He currently serves as the Co-Director for Programs at the National Queer Asian Pacific Islander Alliance (NQAPIA). In this capacity, he manages the policy and programmatic work for the federation of the more than 30 AAPI LGBT groups around the country addressing racism, xenophobia and homophobia. As the National Coordinator for the National Alliance for Filipino Veterans Equity (NAFVE), he ran the successful legislative campaign to achieve payments for and recognize the military service of Filipinos who fought under the United States during World War II. He also serves as a trainer for OCA’s APIAU Leadership 101 program.
He has been quoted in a variety of local, national, and international media, including WAMU, the Washington Post, the Associated Press, HuffingtonPost.com, Asian Journal, ABS-CBN (Filipino television channel), Philippine News, Washington Blade, Metro Weekly, OutFM.org, and 365gay.com.
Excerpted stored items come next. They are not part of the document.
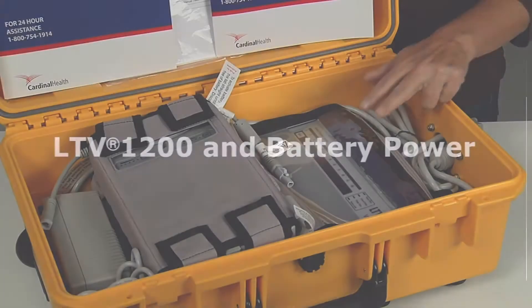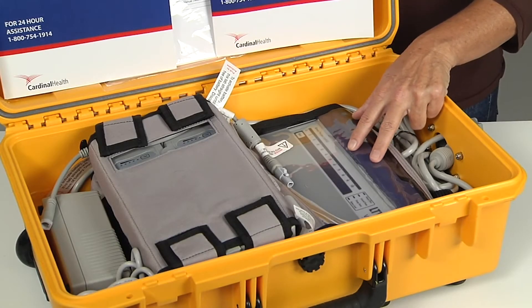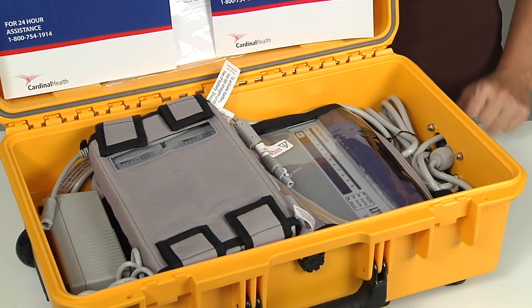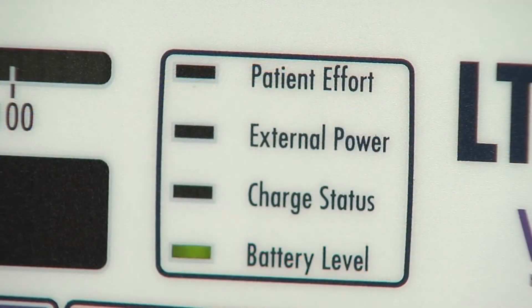Inside the case you'll find the LTV ventilator in a backpack with a Sprint battery. The internal battery of the LTV should be recharged every two months, and the recharge level will be indicated by a yellow light in the battery level indicator on the top right-hand corner of the front of the LTV when the power is on.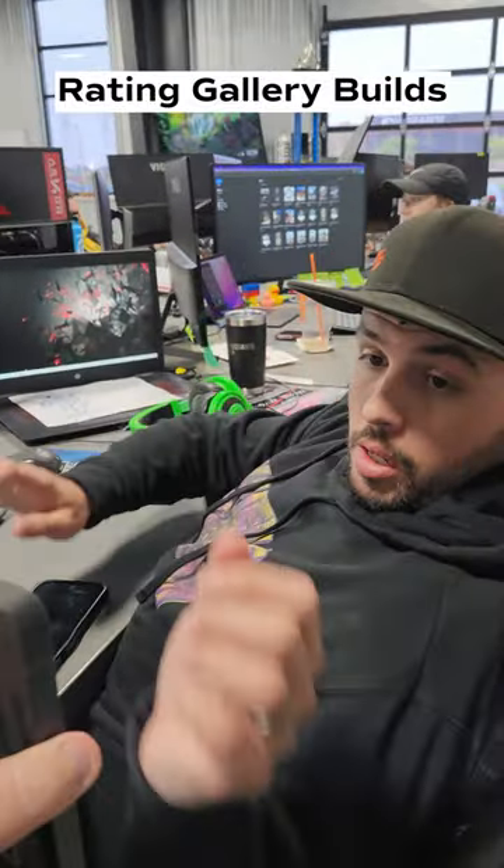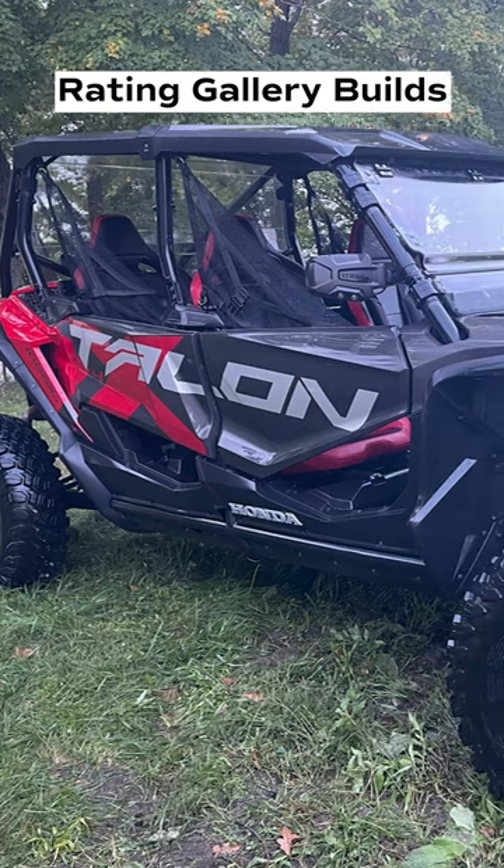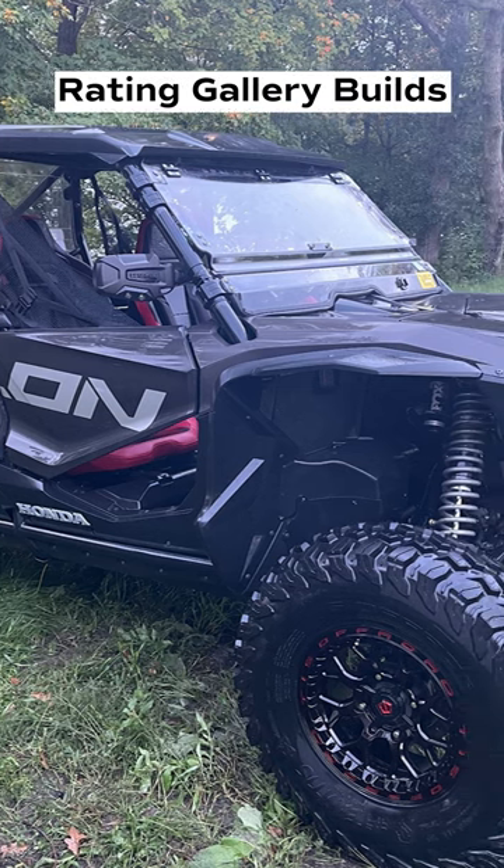Hey Wilson, write this build. TIS wheels, 5.58s, 15x7, 4.3s, 32x10, and the TIS UT1s.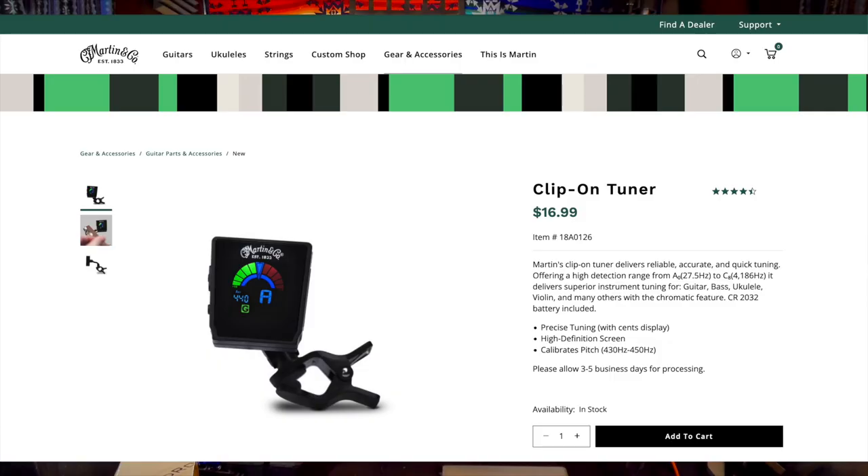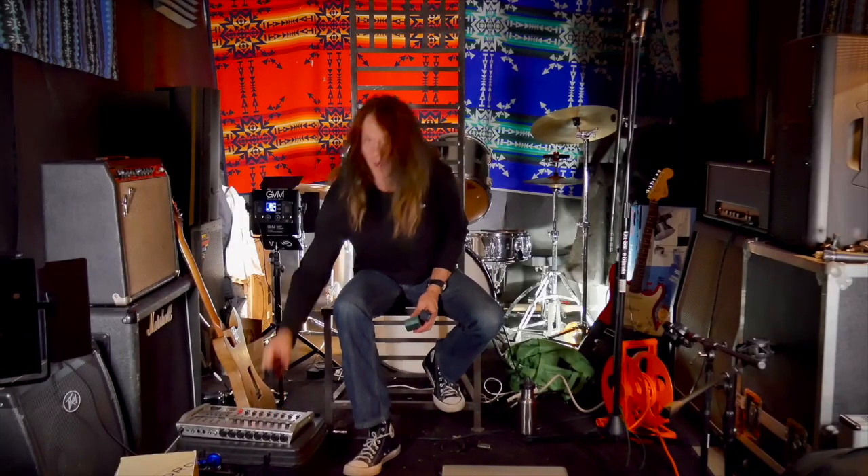Welcome back to the channel. I've been complaining about Snark tuners a lot, so the last time I was at my local store, Everything Musical here in Columbus, Georgia, I found this tuner by Martin. Martin & Company, established 1833 — precision tuning, HD screen, pitch calibration.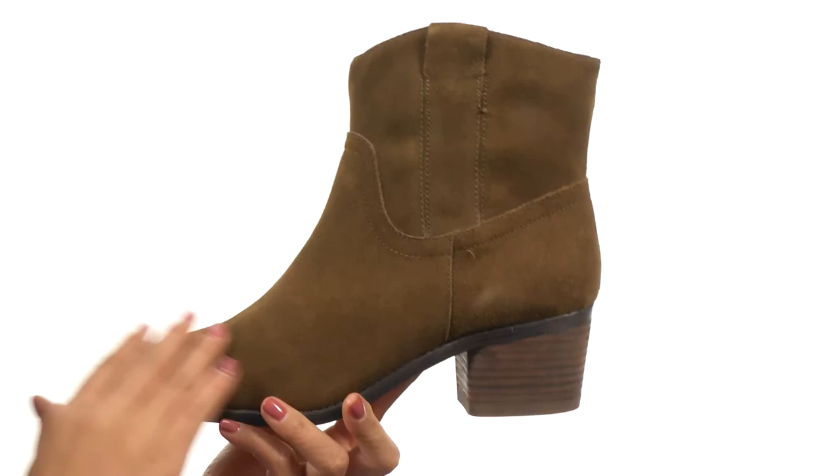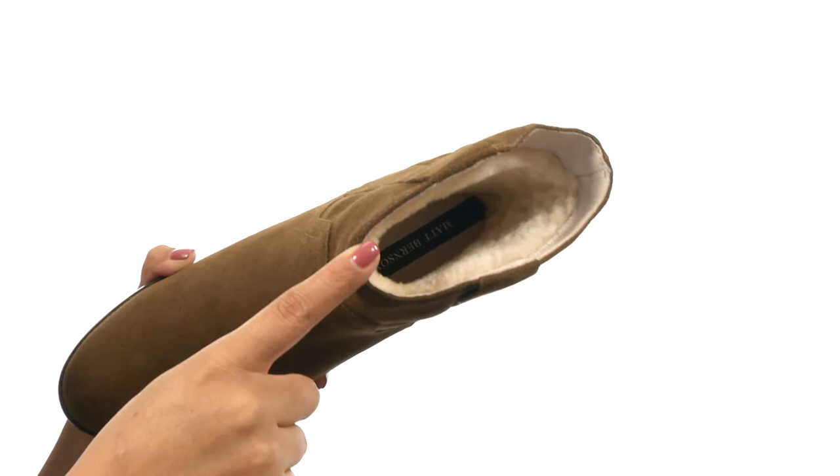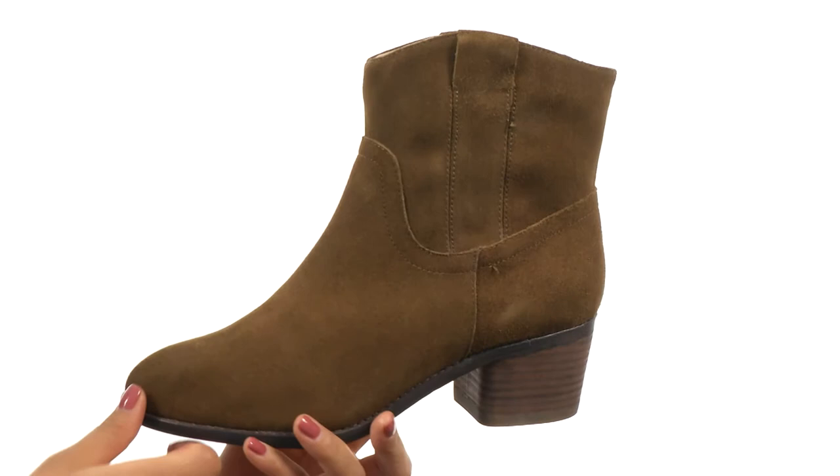Here we have a suede leather upper that's soft to the touch, side pull loops for easy on and off wear. On the inside you get shearling lining that feels so soft, along with a padded leather footbed for all day comfort. There's a stacked block heel to give you a small boosting height and it's all on a leather outsole.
He was published in the current edition of the Encyclopedia of Asian American Issues Today, and wrote a chapter in Dr. Kevin Nadal’s book, "Filipino American Psychology: A Collection of Personal Narratives.” He also co-authored an article on AAPI LGBT youth for UCLA Asian American Studies Center's "AAPI NEXUS: Asian Americans & Pacific Islanders Policy, Practice and Community."
The son of Filipino immigrants, Ben was born and raised in New Jersey.